Short descriptive text snippets:
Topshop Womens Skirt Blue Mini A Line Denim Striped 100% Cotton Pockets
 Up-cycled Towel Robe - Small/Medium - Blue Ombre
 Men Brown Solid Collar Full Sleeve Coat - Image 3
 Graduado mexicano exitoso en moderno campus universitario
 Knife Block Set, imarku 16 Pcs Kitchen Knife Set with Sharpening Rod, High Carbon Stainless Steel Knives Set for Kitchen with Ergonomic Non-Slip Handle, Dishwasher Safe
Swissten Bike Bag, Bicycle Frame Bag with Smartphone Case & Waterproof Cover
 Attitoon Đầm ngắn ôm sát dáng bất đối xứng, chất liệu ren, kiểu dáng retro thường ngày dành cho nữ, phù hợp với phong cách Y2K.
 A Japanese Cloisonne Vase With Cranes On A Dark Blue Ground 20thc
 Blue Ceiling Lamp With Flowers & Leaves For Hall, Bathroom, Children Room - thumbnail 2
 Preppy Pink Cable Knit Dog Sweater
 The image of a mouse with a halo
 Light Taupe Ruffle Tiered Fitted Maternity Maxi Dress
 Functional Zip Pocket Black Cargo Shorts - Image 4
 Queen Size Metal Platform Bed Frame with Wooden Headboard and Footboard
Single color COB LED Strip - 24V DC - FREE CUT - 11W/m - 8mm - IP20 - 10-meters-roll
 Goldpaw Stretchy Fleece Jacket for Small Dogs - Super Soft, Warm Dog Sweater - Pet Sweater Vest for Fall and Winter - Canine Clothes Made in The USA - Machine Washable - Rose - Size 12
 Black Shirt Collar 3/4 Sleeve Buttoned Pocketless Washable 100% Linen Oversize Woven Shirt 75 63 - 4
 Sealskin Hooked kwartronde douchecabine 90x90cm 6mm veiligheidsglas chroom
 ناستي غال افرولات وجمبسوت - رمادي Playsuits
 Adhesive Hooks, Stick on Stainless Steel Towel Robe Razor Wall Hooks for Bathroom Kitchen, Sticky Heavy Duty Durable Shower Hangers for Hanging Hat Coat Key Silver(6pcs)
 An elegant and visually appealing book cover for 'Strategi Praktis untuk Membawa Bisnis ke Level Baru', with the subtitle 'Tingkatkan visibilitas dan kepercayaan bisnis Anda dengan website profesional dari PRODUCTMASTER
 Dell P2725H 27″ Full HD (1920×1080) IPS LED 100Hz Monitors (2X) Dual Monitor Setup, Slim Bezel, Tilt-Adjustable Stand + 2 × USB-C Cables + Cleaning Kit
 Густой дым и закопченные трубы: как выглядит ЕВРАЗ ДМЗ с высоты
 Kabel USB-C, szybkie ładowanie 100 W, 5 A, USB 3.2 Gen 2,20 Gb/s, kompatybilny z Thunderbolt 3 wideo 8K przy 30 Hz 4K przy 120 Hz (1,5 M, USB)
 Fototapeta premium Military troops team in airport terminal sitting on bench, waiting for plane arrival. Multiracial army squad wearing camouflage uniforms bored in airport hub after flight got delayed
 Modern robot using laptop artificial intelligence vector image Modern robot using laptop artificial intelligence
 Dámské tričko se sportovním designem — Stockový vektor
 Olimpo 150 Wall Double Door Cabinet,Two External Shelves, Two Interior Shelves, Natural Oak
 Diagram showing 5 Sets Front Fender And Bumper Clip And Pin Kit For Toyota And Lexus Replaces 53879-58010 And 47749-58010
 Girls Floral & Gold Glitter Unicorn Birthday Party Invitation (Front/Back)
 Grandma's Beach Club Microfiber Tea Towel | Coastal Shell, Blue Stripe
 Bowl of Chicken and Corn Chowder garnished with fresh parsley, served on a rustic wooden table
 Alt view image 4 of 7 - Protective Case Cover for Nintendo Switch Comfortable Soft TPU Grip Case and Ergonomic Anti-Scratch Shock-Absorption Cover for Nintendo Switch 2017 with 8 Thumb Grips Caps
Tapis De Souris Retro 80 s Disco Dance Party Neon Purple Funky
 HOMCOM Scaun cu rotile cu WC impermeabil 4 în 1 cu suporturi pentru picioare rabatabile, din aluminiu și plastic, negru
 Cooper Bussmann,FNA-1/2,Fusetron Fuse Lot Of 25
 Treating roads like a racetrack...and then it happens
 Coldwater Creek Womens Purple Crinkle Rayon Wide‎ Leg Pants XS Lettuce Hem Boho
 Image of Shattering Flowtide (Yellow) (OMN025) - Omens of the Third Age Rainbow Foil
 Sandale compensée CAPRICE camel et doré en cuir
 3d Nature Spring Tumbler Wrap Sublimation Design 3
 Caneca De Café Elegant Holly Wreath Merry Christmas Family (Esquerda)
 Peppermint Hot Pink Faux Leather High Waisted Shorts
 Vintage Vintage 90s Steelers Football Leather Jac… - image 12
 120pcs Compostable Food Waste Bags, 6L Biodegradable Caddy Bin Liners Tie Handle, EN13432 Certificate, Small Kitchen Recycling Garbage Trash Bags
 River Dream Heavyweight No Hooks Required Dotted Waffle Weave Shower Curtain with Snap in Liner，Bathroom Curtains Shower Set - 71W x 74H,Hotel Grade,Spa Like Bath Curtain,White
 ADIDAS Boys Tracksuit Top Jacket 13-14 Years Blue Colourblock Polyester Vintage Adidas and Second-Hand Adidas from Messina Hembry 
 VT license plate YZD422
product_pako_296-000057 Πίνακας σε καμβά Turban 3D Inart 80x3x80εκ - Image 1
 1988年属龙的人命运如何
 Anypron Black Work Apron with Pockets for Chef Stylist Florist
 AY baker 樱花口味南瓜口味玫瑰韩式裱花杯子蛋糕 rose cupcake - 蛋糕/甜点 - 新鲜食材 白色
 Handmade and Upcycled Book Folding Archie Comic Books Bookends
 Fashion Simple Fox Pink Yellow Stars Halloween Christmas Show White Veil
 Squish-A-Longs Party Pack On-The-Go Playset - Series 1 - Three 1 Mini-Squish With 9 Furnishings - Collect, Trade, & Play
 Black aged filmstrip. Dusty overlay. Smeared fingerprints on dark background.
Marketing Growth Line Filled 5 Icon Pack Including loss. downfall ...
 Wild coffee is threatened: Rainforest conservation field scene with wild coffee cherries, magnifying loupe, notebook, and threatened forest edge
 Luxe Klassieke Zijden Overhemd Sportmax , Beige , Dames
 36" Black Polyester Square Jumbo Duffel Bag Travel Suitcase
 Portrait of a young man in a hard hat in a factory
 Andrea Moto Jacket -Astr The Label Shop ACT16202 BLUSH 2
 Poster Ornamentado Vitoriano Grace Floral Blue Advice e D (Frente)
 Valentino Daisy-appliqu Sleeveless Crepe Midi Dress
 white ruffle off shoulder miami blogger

◆ AIM OF THE TASK: Exactly the lines above from the one with "Up-cycled Towel Robe" to the one with "Attitoon Đầm ngắn", both included, are to be quoted; leave the rest out.

◆ ANSWER FOR THE TASK:
 Up-cycled Towel Robe - Small/Medium - Blue Ombre
 Men Brown Solid Collar Full Sleeve Coat - Image 3
 Graduado mexicano exitoso en moderno campus universitario
 Knife Block Set, imarku 16 Pcs Kitchen Knife Set with Sharpening Rod, High Carbon Stainless Steel Knives Set for Kitchen with Ergonomic Non-Slip Handle, Dishwasher Safe
Swissten Bike Bag, Bicycle Frame Bag with Smartphone Case & Waterproof Cover
 Attitoon Đầm ngắn ôm sát dáng bất đối xứng, chất liệu ren, kiểu dáng retro thường ngày dành cho nữ, phù hợp với phong cách Y2K.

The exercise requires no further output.